La zone est riche en or. Lorsque les exploitants de la mine procèdent à des tirs d'explosifs, des orpailleurs illégaux se risquent, après les détonations, à s'approcher des débris pour tenter de récupérer de l'or contenu dans les roches. À la suite d'une série d'incidents, des forces de sécurité ont été déployées pour surveiller les opérations. Dimanche, il semble que neuf personnes aient été chassées des lieux après un tir et qu'au cours de leur fuite, deux d'entre elles seraient tombées dans la fosse minière. Des unités spécialisées, ainsi qu'une unité de l'armée, ont été maintenues sur zone afin de prévenir toute escalade. Les récents incidents font craindre des représailles contre les équipements miniers.
En novembre 2023, quatorze personnes avaient été ensevelies lors d'un éboulement en marge de ces activités de pillage d'or. Le drame avait suscité indignation et promesses de régulation entre l'opérateur minier et les orpailleurs artisanaux. L'actualité récente montre que la situation n'a guère évolué.
Le 25 janvier de cette année, dans des circonstances similaires, un décès avait déjà été enregistré : un homme était tombé d'une falaise de la mine à la suite d'une évacuation par les forces de sécurité. Des engins miniers avaient alors été incendiés. Le 25 février, la police et l'armée du Suriname étaient intervenues à Nieuw Koffiekamp pour détruire 70 campements d'orpailleurs illégaux menant des activités parasites autour de la concession de Rosebel.

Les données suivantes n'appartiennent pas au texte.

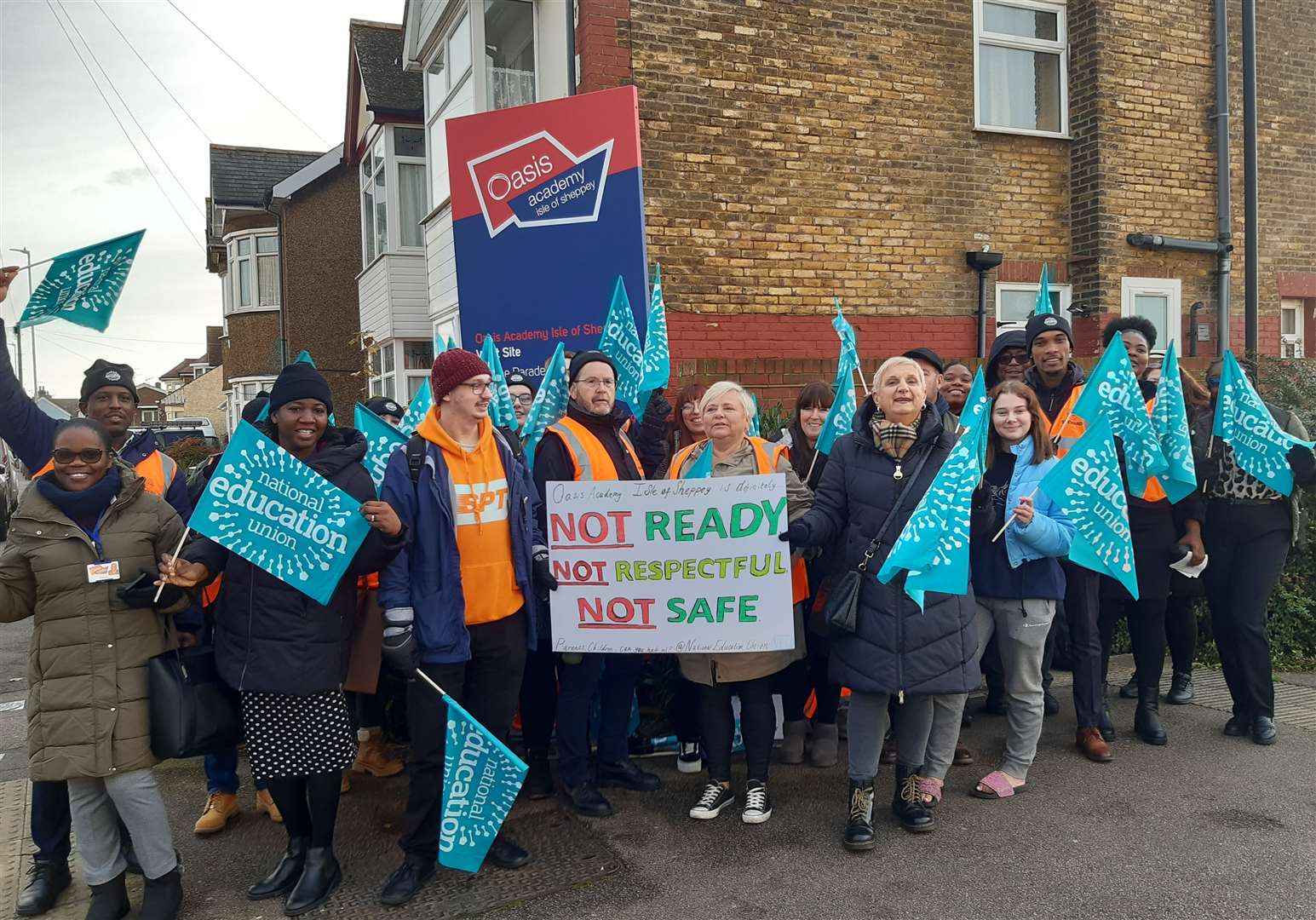 Teachers waving banners and placards on the picket line outside Oasis Academy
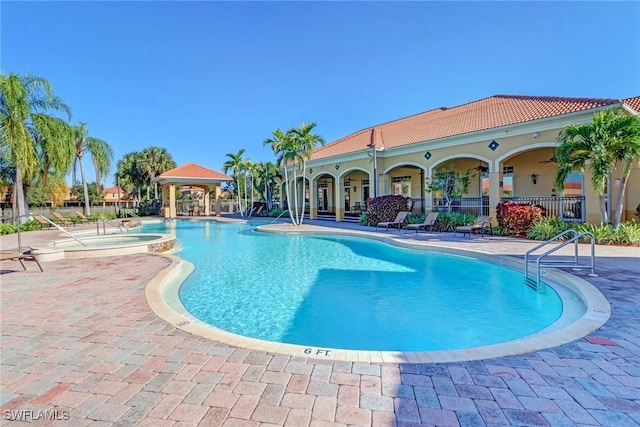 view of swimming pool with a gazebo, a hot tub, and a patio area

Entre appât du gain et droits tribaux
Nieuw Koffiekamp désigne le village reconstruit après la destruction du site originel, consécutive à la mise en eau du barrage qui servait les intérêts d'Alcoa, opérateur de la bauxite. Historiquement, ces populations estiment avoir été, une nouvelle fois, dépossédées par une activité industrielle.
C'est dans ce contexte de revendications foncières tribales qu'il faut comprendre la situation. L'attrait de l'or, lié à son prix élevé, ainsi que l'absence de structure organisée pour encadrer l'orpaillage illégal, viennent aggraver les tensions. Une activité artisanale mieux encadrée apparaît nécessaire pour limiter les accidents. Parallèlement, une communication plus efficace de la part du groupe industriel est indispensable pour favoriser une cohabitation durable.